哲学教育が学力向上を促す!?小学生から哲学を学ぶ意義

子どもの学業的パフォーマンスを高めるためには

子どもの学力を向上させるためにはどうしたらいいのだろうか?

宿題をさせる、試験を受けさせる等様々な方法が考えられるが、近年イギリスでは新たな方法として子どもに哲学を学ばせることで学力を高めることができることに注目し始めている。

イギリスで行われた実験

オンラインマガジンBig Think の記事によると、2015年にイギリスで行われた実験で非常に興味深い結果が得られた。48の小学校から集められた3,000人を超える9歳と10歳の子どもを対象に、哲学志向の授業を1年間行うという実験である。

 

実験の結果、哲学の授業を受けた子どもは数学能力と読解力の点で、授業を受けなかった子どもよりも学習進度がおよそ2か月早くなることが分かった。本来の実験の目的は、哲学の授業を受けさせることで子どもたちの質問力や議論構築能力を高め、子どもに自信を持たせることだったが、そうした効果は見られなかった。

 実験で行われた哲学授業

では、子どもたちはいったいどのような授業を受けたのだろうか?

子どもたちは授業の中で「自分が世話をしていない人に健康な心臓は提供されるべきか」「誰かの自由を奪ってもいいのだろうか」といった質問について熟考し、知識、真実、正義、公平といった概念について議論をしていく。このような授業を受けた子供たちからおよそ4か月後に読解力、3か月後に数学能力の向上が見られるようになった。哲学の授業は子どもたちに考えること、聞くこと、話すこと、そして論理的な議論を行う機会を提供し、学校全体にこうした文化を広めていくことを可能にするのである。

日本に哲学教育は必要か?

日本の公教育においては学生は哲学に馴染みがあるとは言えない、というのが現状だろう。しかし、哲学を単に哲学者や概念を覚える特定の「科目」として捉える必要はない。むしろ既存の科目の中で哲学思考の授業を展開することで同様の学習効果を期待することができるのではないだろうか。それは子どもに「なぜ?」という疑問を投げかけ、子どもが自ら立てた仮説を論理に沿ってを展開していく授業である。ビジネスの世界や教育界で有名な藤原和博氏は、現代に求められている能力は情報処理能力から情報編集力に変化していると言っている。

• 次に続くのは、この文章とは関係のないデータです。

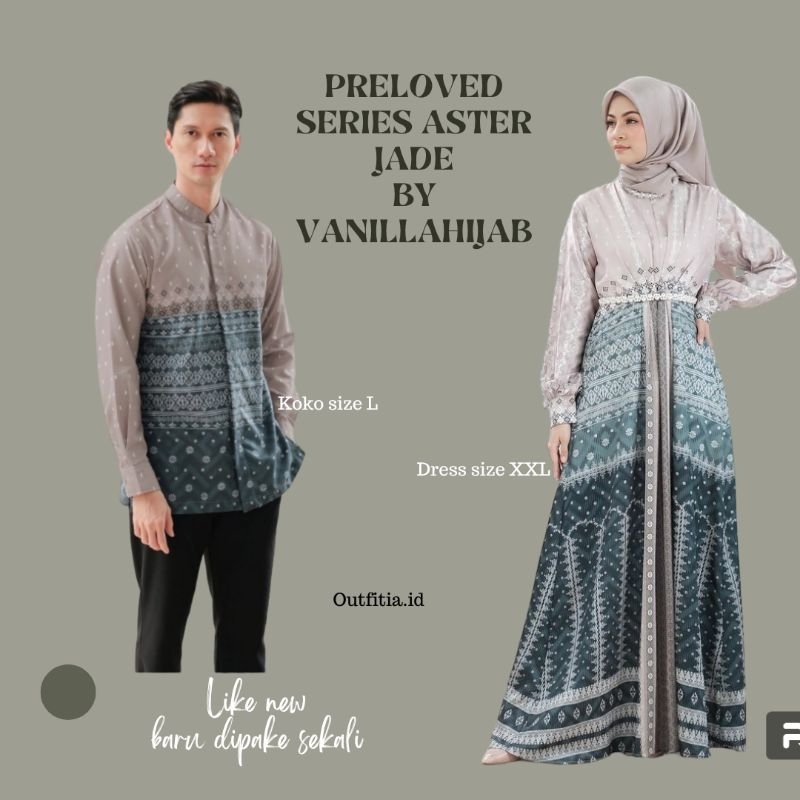 Preloved Vanillahijab Series Aster Jade Dress & Koko Pake Hardbox| order shopee video ada cashback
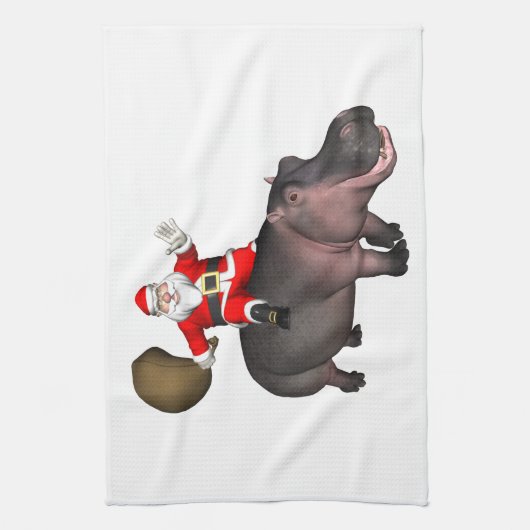 Santa Riding auf Hippo Handtuch (Vertikal)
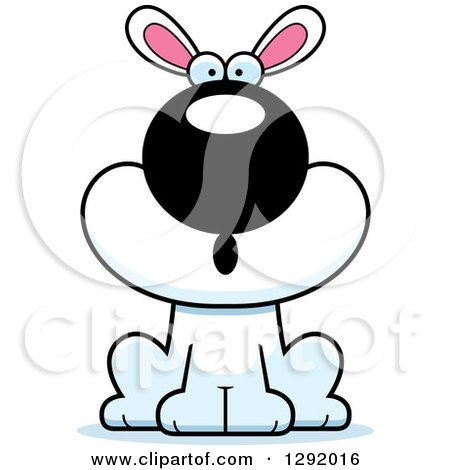 Clipart of a Cartoon Surprised Gasping White Rabbit Sitting - Royalty Free Vector Illustration by Cory Thoman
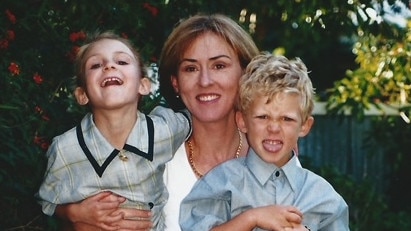 Jane McGrath pictured with daughter Lucy and son Sam when they were young. Picture: Supplied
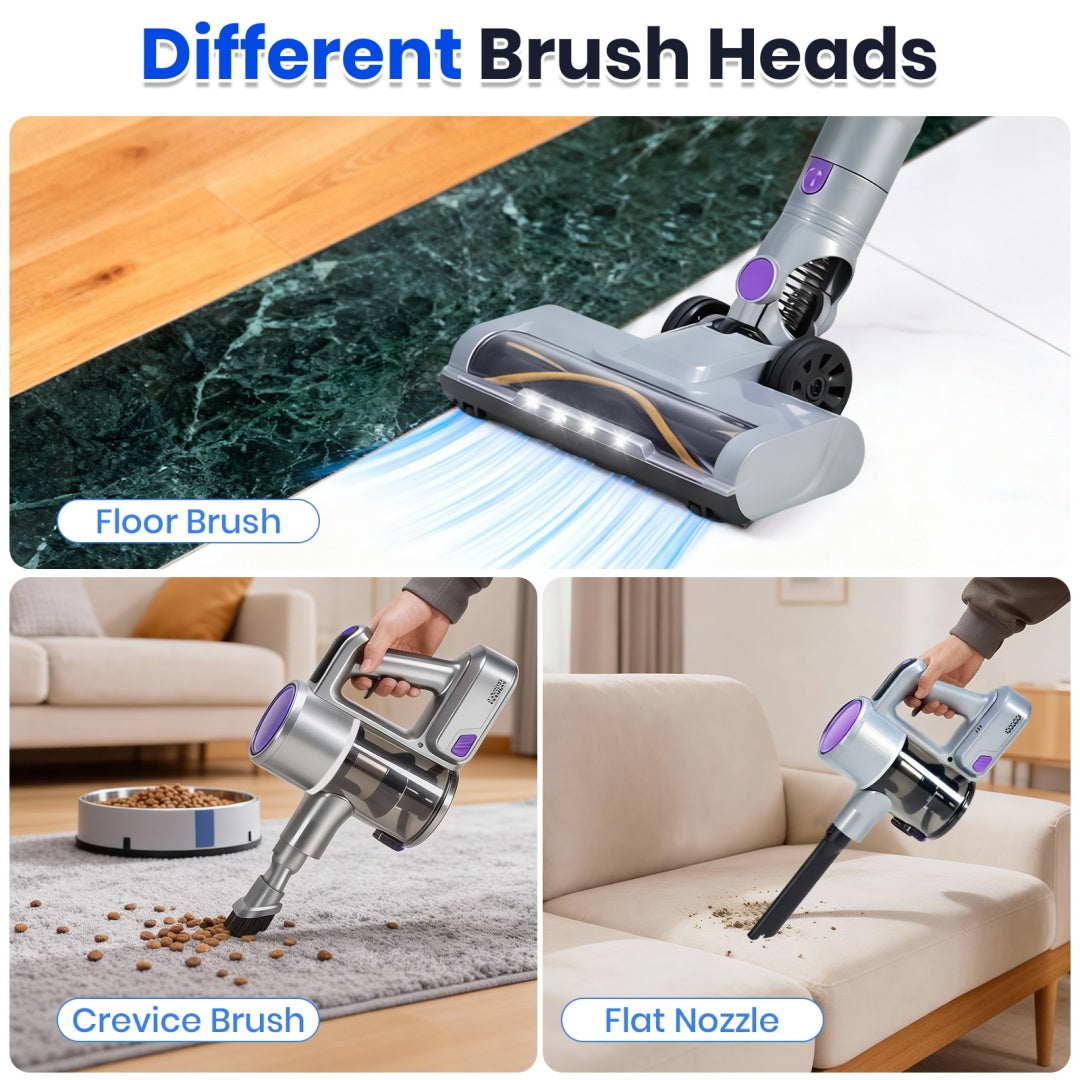 Cordless Stick Vacuum Cleaner – Lightweight Rechargeable Vacuum with LED Light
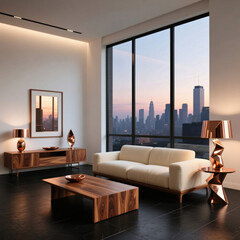 Fototapeta premium Modern City View Living Room Interior Design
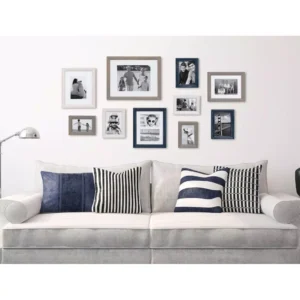 Kate and Laurel Bordeaux Multicolored Gray, Blue and White Picture Frame (Set of 10)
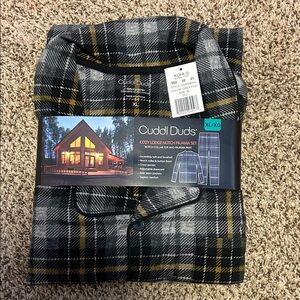 Cuddl Duds Black and Yellow Plaid Pajama Set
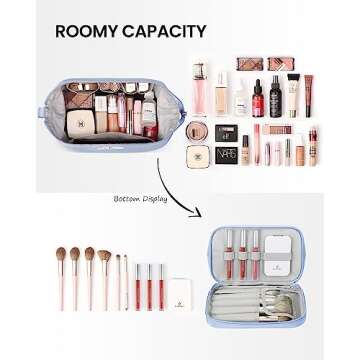 Pocmimut Makeup Bag,Cosmetic Bag For Women Travel Makeup Bag for Girls Large Double Layers Make Up Brush Bags Toiletry Bag for Women(Baby Blue)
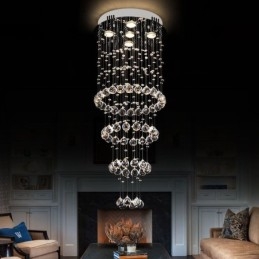 Lampadario a sospensione in cristallo contemporaneo, 5 luci GU10, 40×40×100 cm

単に与えられた問いに対して与えられた解で処理していく処理能力ではなく、情報編集力は自ら仮説を立て、試行錯誤しながら解に辿り着き、さらにその仮説を他者に納得させることのできる能力である。イギリスで行われた哲学教育の実験は、藤原氏の言うところの情報編集力を鍛えるために有効な学習方式であると言えそうだ。